Find the line with "Chevrolet Metro 1998-2001" in the data below, then restate it and all remaining lines exactly, adding nothing.

(Beginning of Task inputs)

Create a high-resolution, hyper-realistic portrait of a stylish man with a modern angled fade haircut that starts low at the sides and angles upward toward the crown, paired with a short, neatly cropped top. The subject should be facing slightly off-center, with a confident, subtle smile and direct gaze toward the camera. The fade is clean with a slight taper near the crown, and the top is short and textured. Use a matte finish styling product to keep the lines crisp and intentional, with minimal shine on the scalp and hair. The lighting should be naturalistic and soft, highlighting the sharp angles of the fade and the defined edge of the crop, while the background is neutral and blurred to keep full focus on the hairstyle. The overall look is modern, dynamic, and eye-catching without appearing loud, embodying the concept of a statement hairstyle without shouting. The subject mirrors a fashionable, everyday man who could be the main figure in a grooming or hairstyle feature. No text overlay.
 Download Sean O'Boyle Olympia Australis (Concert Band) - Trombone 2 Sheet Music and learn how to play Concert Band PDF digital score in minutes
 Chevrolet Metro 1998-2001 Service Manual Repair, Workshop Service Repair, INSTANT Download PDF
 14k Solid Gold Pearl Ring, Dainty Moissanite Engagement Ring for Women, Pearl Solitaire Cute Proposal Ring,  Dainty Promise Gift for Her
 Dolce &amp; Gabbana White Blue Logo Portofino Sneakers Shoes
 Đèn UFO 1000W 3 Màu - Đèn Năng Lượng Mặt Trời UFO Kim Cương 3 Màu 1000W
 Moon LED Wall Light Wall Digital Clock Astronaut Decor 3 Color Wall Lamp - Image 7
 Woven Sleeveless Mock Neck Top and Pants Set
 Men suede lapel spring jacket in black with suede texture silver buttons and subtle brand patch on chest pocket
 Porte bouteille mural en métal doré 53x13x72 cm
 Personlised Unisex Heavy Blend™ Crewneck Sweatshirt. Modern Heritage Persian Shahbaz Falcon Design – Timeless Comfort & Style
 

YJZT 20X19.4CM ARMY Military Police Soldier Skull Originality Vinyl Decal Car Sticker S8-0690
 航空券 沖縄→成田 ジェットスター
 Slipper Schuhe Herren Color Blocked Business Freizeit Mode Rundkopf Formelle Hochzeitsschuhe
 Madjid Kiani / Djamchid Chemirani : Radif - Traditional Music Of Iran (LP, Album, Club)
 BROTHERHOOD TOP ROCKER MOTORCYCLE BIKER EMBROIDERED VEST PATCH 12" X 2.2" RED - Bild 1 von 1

(End of Task inputs)

**Result of the exercise:**
 Chevrolet Metro 1998-2001 Service Manual Repair, Workshop Service Repair, INSTANT Download PDF
 14k Solid Gold Pearl Ring, Dainty Moissanite Engagement Ring for Women, Pearl Solitaire Cute Proposal Ring,  Dainty Promise Gift for Her
 Dolce &amp; Gabbana White Blue Logo Portofino Sneakers Shoes
 Đèn UFO 1000W 3 Màu - Đèn Năng Lượng Mặt Trời UFO Kim Cương 3 Màu 1000W
 Moon LED Wall Light Wall Digital Clock Astronaut Decor 3 Color Wall Lamp - Image 7
 Woven Sleeveless Mock Neck Top and Pants Set
 Men suede lapel spring jacket in black with suede texture silver buttons and subtle brand patch on chest pocket
 Porte bouteille mural en métal doré 53x13x72 cm
 Personlised Unisex Heavy Blend™ Crewneck Sweatshirt. Modern Heritage Persian Shahbaz Falcon Design – Timeless Comfort & Style
 

YJZT 20X19.4CM ARMY Military Police Soldier Skull Originality Vinyl Decal Car Sticker S8-0690
 航空券 沖縄→成田 ジェットスター
 Slipper Schuhe Herren Color Blocked Business Freizeit Mode Rundkopf Formelle Hochzeitsschuhe
 Madjid Kiani / Djamchid Chemirani : Radif - Traditional Music Of Iran (LP, Album, Club)
 BROTHERHOOD TOP ROCKER MOTORCYCLE BIKER EMBROIDERED VEST PATCH 12" X 2.2" RED - Bild 1 von 1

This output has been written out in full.